§ Data extract
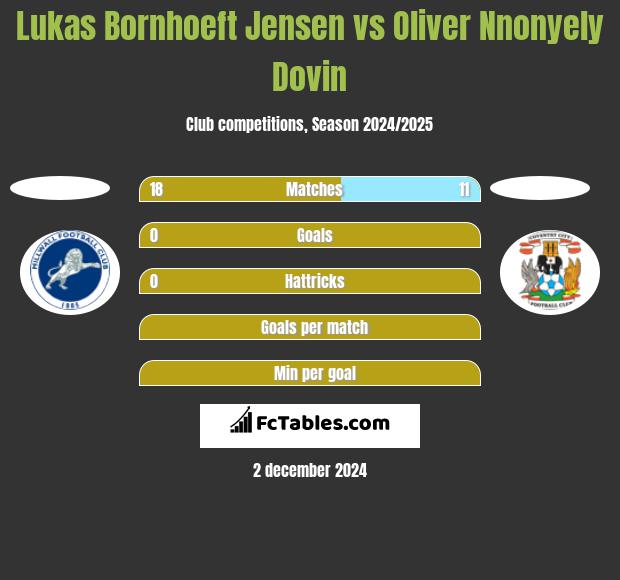 Lukas Bornhoeft Jensen vs Oliver Nnonyely Dovin h2h player stats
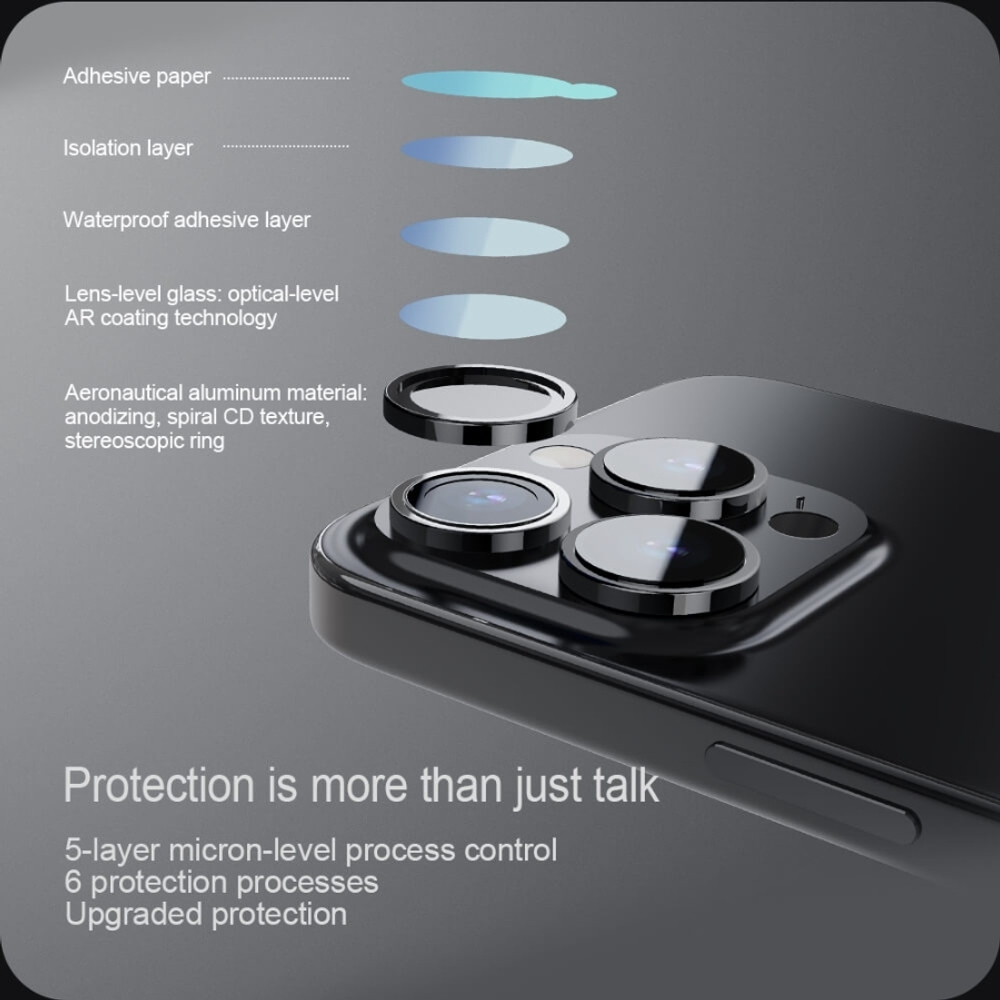 Защита объектива камеры Nillkin CLRFilm для iPhone 15 Pro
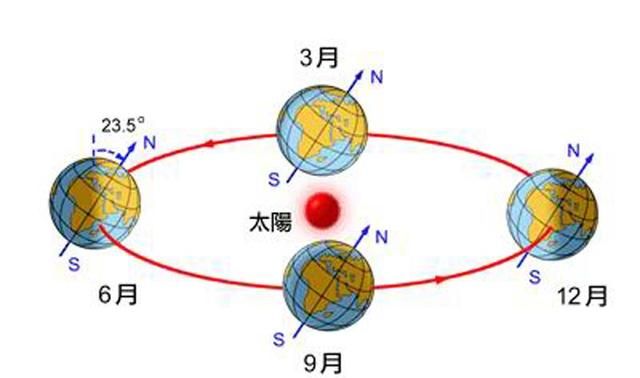 一年四季怎么分？实际上有很多种方法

§ Task directions
Every line above is to be returned exactly, with its pictures removed.

§ Your response
 Lukas Bornhoeft Jensen vs Oliver Nnonyely Dovin h2h player stats
 Защита объектива камеры Nillkin CLRFilm для iPhone 15 Pro
 一年四季怎么分？实际上有很多种方法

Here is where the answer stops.